I mean there is also an anti-ai crowed (r/antiai) but who cares what people on the internet think?

thefounder 11 hours ago||
Why we have discussions about sexual orientation on programming languages? Could this really go any worse?
stevefan1999 10 hours ago||
I won't say it is just because of sexual orientation, but more because of the identity politics associated with it.

Not just like "what kind of gender people I like" this kind of oversimplification but it's more about your attitude towards gender stereotypes and roles, for that's what I saw in a more deep connotation.

munro 18 hours ago||
Lately I just have Claude build most things in Rust, it's really amazing. I tried Go, but I found it wasn't as good--Rust really does to me feel like Python. That said, it still struggles with the same class of errors of building complex systems. I've tried using TLA+, Alloy, and other things but haven't found the trick yet. The best I've found is reimplementing all external systems in memory and e2e testing everything extensively, without reimplementing the tests become unusably slow, and Claude can rewrite huge surface areas with ease--it's somewhere between mocking and literally just reimplementing the external systems.
schmookeeg 18 hours ago||
I assume this is why things like PyO3 are popping up?

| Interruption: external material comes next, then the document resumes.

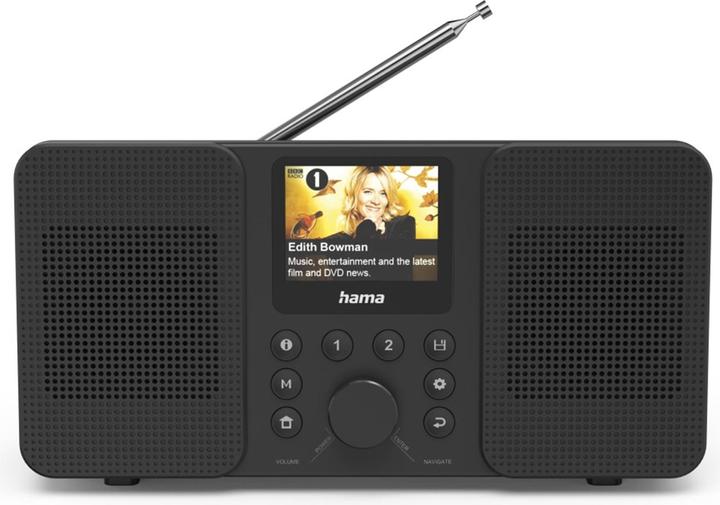 Actual product image Hama DIR10 (FM, DAB+, Web radio, DAB, Bluetooth, Wi-Fi)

If so, sort of a fascinating way to compartmentalize new rust code into legacy .py code in lieu of a refactor, or at least, a way to do a staggered refactor and eat the elephant in bites :)
thefounder 11 hours ago||
So he includes Go in a list of languages that apparently makes development slow and have “a build system that fought you” and then says python was the solution for all that. I think he got it backwards. I have found the Python build system horrific and broken by default while Go just works.
caturopath 7 hours ago|
Other correctly point out it does matter what language the code is in since the human does sometimes need to read and understand it.

But also, I suspect the article is just wrong. "The hard languages got easy first" isn't true in practice and the impressive examples given are not representative or as magical as the poster makes them out to be.

The takeaway might be right in the end, but the post isn't right in the beginning.